They are Mount Everest’s forgotten victims.
The world’s tallest mountain has claimed some 250 lives since adventurers first began trying to scale it in 1922. Its extreme mix of altitude, weather, pitfalls and exertion has claimed 18 climbers from Japan, 17 each from the U.K. and India, and 10 Americans. But it is the local men who lug the foreign visitors’ gear, fix their ropes, and guide them up and down the steep pitches who have always been the most likely to die.
An avalanche in the Khumbu ice fall, a treacherous field of giant ice blocks and deep crevices between base camp and camp one, took the lives of 16 Sherpas last week. The worst-ever disaster on the mountain, it brings the total number of locals killed on the mountain over the past nine decades to 88.
And the tragedy seems to touched off a rebellion among the high-altitude guides and porters.
At least 400 Sherpas have walked off the job, voicing complaints about their poor pay, limited benefits, and elevated risks, throwing the spring climbing season in chaos. Several major expedition companies have already announced that they are pulling clients and staff off the mountain. And reports from base camp suggest tensions are running dangerously high.
“Time and again the Sherpas have stated that their argument is not with the Westerners and there is no animosity towards us. Their beef is with the government. They are sorry that we are caught in this tangled web on the sidelines but at the same time we (and the mountain) are being used as political leverage to get what they want,” Tim Mosedale, a British expedition leader (and B&B owner) wrote on his blog. “And then came the threats … insidious threats that have completely changed the nature of the demands and the situation. There was a veiled threat (or rumour of one) that if we go in the icefall we might not be safe. Our initial reaction wasn’t quite ‘bring it on’ but we certainly weren’t going to stop and, indeed, if the protagonists could be identified perhaps the rot could be removed. But then it got worse. Sherpas are being told that if they go on the hill, well, ‘we know where you live.’ Sherpas are turning against Sherpas and in this country where these threats are sometimes carried out they are taken very, very seriously.”
The transformation of Everest from a quest to a business over the past 20 years is the root of the problem. Each year, hundreds of foreigners flock to its slopes, having paid as much as $120,000 each for “the adventure of a lifetime.” But most of that money goes to the tour operators and the government. Very little trickles down to the people who do the heavy lifting. A top-flight climbing Sherpa—even those who have summited more than a dozen times—typically takes home just $6,000 for the two-month spring season. And most make far less. (Foreign guides typically make $50,000 plus tips over the same period.) Meanwhile, the dangers associated with helping less skilled—or as was the case of Shriya Shah-Klorfine, a Canadian who perished in 2012, woefully unprepared—climbers, are multiplying.
“While training is significant, no amount of practice inoculates Sherpas from the increased exposure to risk they’re asked to take on in the mountains,” Grayson Schaffer of Outside Magazine wrote in an extensive look at the issues last summer. “Walking through the Khumbu Icefall, a shifting glacier with the constant threat of calving, is considered so dangerous that some outfitters acclimatize their clients on neighboring peaks to avoid traveling through it. In a typical season, a climbing Sherpa might make a dozen round-trips through this area, some earning a bonus for each extra lap. Guides and clients usually make between two and four.”
When a Sherpa is killed, or falls victim to one of the many other hazards of the job—which include broken bones, frostbite, edema, heart attacks and strokes—there is virtually no social safety net. The Nepalese government—which takes in tens of millions each year from climbing permits, fees and taxes—mandates that each tour operator must provide Sherpas who work above base camp with $575 worth of medical coverage and a $4,600 death benefit. (The payout for a fatality at lower altitudes in $3,500.) And all local employees must be covered for at least $4,000 worth of rescue costs. But in a place where a single helicopter evacuation—live body or frozen corpse—can cost $15,000, that insurance doesn’t cover much.

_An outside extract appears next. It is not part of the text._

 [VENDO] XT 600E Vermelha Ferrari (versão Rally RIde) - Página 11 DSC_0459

After a scary confrontation between three European climbers and a group of 100 furious Sherpas last spring, the Nepalese government took some baby steps to address the problem, increasing the high-altitude death benefit to $11,000 and rescue insurance to $10,000, but those changes aren’t scheduled to go into effect until next year. But its ham-fisted handling of avalanche deaths—the government initially offered the victims’ families 40,000 rupees (about $415) each in compensation—suggest it still hasn’t fully grasped the problem.

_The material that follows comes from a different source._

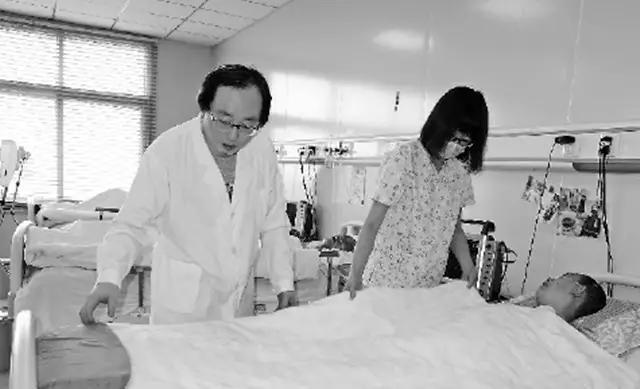 住院7年半無(wú)名男子已用醫(yī)療救助金 誰(shuí)來(lái)接住他？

Apa Sherpa, the man who holds the record for most Everest summits with 21, and now runs a foundation dedicated to helping improve education in rural Nepal, says most Sherpas climb because they have no other choice.

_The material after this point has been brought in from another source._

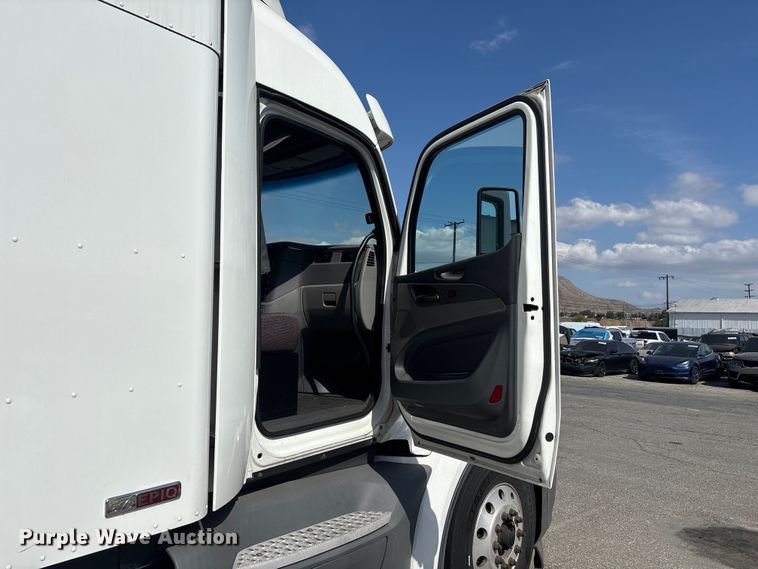 image for item YA3092 2017 Peterbilt 579 semi truck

“They lack education and job opportunities in other sectors. Since they live in the high altitudes, where nothing else grows except for potatoes, they have no option to working for foreign clients,” he told the Italian newspaper Republica this week. “For the foreigners mountain climbing is a fun, an adventure. For the Sherpas it is an obligation, a source of livelihood.”
Most of the risks, few of the benefits and none of the glory. No wonder they’re angry.